[Problem to work on]
Look below for the line with "Sweter z wiskozą w paski - beżowy" and the line with "A drafting table"; repeat exactly those two lines and all lines between them, but no pictures.

[Supplied information]
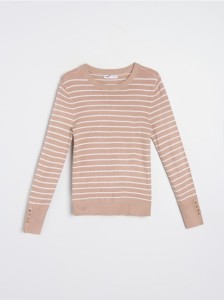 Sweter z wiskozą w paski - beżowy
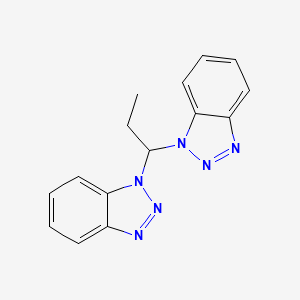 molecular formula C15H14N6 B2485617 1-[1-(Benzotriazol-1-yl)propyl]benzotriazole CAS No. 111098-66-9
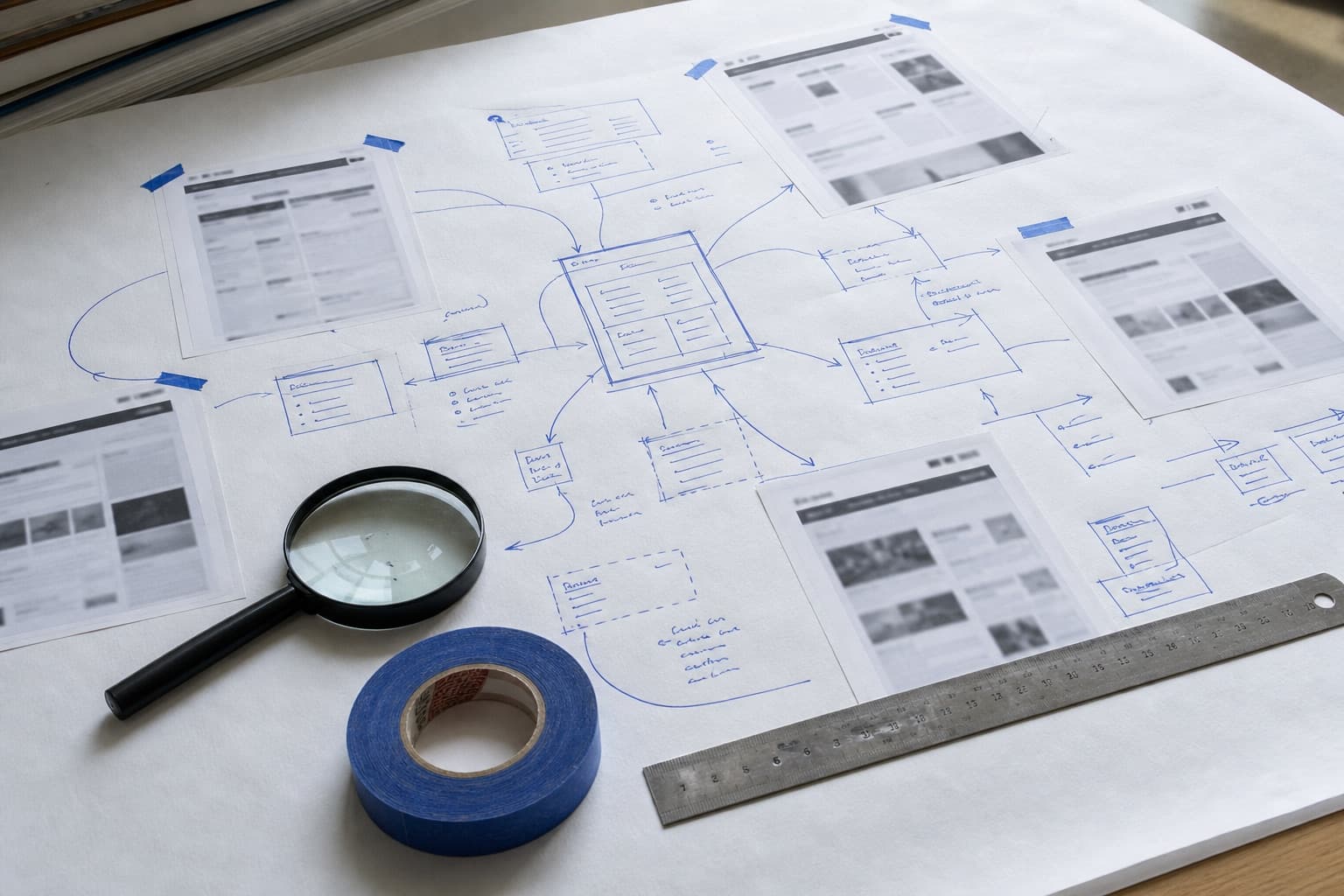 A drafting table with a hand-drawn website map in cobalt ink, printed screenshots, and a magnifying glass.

==

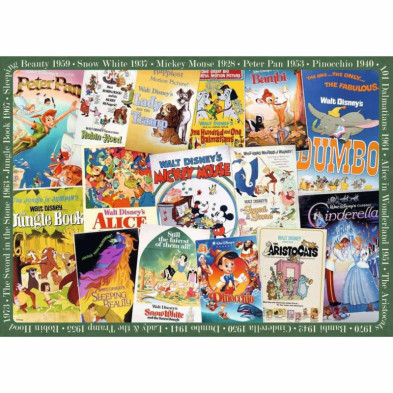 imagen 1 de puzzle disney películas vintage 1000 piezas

[Task answer]
 Sweter z wiskozą w paski - beżowy
 molecular formula C15H14N6 B2485617 1-[1-(Benzotriazol-1-yl)propyl]benzotriazole CAS No. 111098-66-9
 A drafting table with a hand-drawn website map in cobalt ink, printed screenshots, and a magnifying glass.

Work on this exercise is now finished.